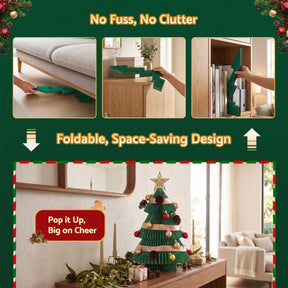 Jingle Jollys Paper Christmas Tree 47CM w/ Star Topper Xmas Decor Tabletop Green DIY Ornament Set - SportZone.co.nz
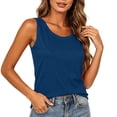 thumbnail image 4 of Mifsaly Womens Summer Tank Tops Backless Crewneck Sleeveless T Shirts Lightweight Loose Fit Flattering Vacation Beach Undershirts Navy,XS, 4 of 8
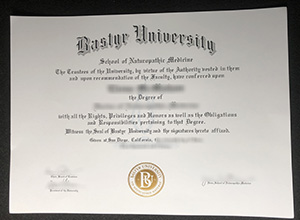 Bastyr University Degree certificate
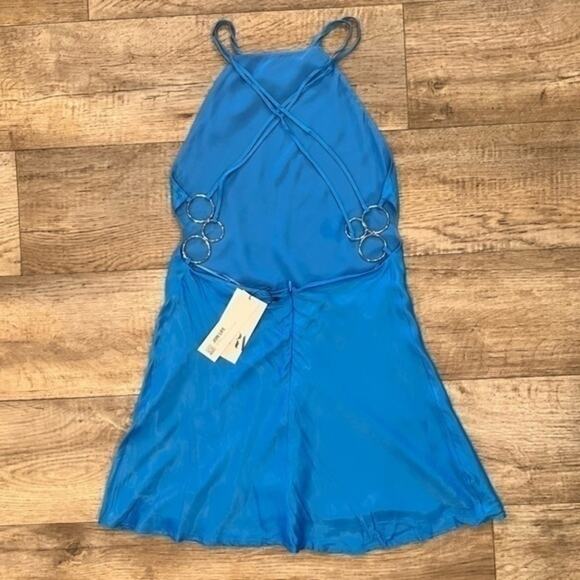 ZARA Blue Halter Mini Dress NWT | Blogger Fave Satin Ring Detail - Picture 16 of 16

● ● ●

◆ Prompt ◆
Return the listing above unaltered, omitting its pictures.

◆ Answer to this problem ◆
 Jingle Jollys Paper Christmas Tree 47CM w/ Star Topper Xmas Decor Tabletop Green DIY Ornament Set - SportZone.co.nz
 thumbnail image 4 of Mifsaly Womens Summer Tank Tops Backless Crewneck Sleeveless T Shirts Lightweight Loose Fit Flattering Vacation Beach Undershirts Navy,XS, 4 of 8
 Bastyr University Degree certificate
 ZARA Blue Halter Mini Dress NWT | Blogger Fave Satin Ring Detail - Picture 16 of 16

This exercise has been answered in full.